Recorded data
'''

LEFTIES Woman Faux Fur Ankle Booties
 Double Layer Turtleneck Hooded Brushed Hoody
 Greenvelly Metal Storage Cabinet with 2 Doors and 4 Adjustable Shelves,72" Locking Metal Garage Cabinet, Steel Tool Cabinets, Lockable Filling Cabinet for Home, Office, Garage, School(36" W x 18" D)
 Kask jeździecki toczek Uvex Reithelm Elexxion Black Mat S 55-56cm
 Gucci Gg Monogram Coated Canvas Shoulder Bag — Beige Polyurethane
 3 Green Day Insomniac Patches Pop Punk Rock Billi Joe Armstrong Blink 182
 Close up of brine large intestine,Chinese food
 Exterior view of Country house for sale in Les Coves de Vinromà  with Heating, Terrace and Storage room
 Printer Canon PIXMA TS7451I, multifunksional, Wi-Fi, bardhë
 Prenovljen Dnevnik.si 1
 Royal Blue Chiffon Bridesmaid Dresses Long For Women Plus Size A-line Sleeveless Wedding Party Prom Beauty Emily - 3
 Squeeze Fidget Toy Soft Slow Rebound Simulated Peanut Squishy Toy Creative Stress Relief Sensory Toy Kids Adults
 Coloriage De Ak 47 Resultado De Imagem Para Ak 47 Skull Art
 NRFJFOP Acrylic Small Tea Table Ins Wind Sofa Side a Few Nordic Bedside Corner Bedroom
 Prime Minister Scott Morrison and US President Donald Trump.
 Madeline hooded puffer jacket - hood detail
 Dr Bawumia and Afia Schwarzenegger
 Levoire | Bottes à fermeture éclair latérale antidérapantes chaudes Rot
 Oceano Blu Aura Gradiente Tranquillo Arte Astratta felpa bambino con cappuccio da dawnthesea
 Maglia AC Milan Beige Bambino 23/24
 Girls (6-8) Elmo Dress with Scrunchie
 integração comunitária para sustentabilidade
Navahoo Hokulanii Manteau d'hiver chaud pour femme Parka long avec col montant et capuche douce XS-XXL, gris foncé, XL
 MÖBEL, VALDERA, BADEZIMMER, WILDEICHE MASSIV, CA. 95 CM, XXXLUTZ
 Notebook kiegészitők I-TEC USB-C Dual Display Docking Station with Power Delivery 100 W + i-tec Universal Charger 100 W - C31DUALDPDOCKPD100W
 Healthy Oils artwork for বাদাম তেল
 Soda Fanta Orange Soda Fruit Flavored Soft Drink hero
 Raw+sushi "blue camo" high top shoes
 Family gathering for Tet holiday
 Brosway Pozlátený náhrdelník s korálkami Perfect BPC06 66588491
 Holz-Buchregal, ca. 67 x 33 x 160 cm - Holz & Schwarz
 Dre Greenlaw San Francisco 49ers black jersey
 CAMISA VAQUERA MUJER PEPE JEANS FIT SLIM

'''

_Prompt_:
Tally the lines in this data that hold the word "Storage" and state only the count.

_Reply to the task_:
2